**SUPPLIED INFORMATION**
====

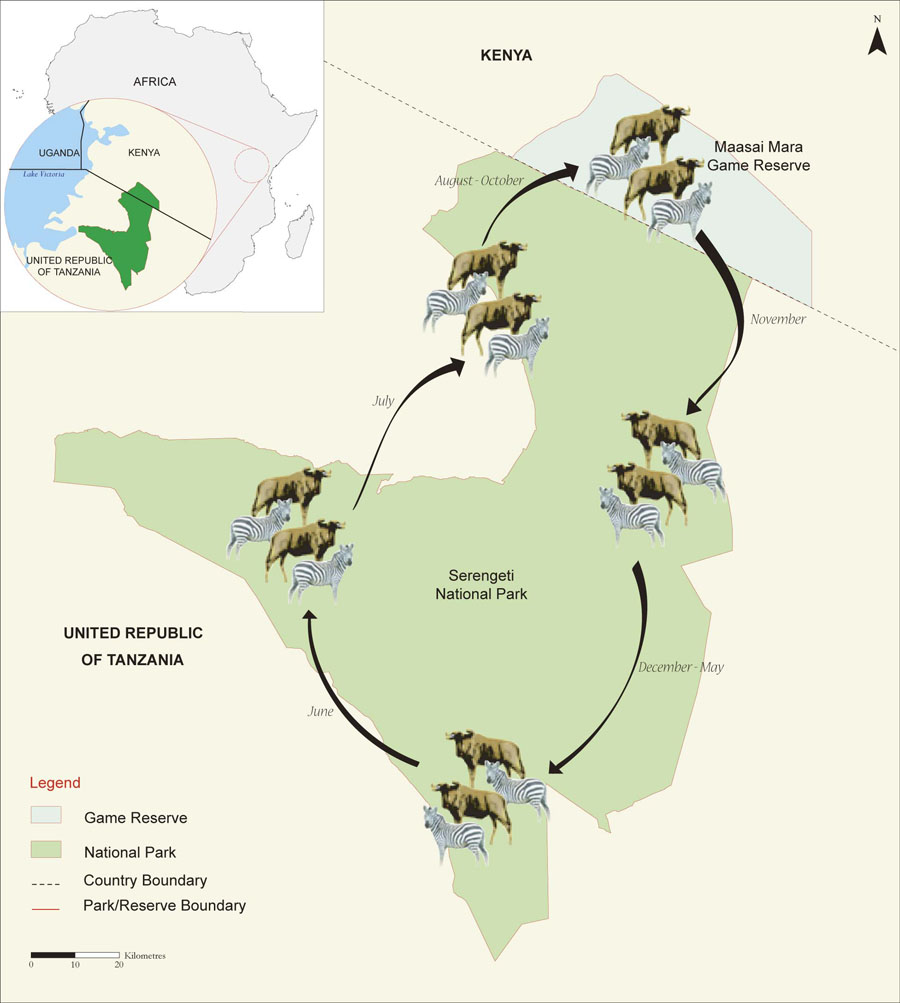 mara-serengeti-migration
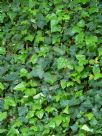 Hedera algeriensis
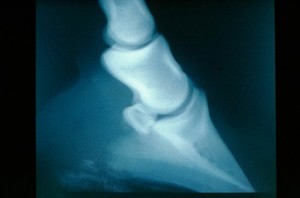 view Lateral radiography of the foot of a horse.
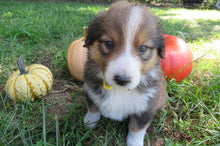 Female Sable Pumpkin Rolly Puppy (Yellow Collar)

====

**TASK ITEM**
Copy the lines above exactly and exclude every image.

**TASK SOLUTION**
 mara-serengeti-migration
 Hedera algeriensis
 view Lateral radiography of the foot of a horse.
 Female Sable Pumpkin Rolly Puppy (Yellow Collar)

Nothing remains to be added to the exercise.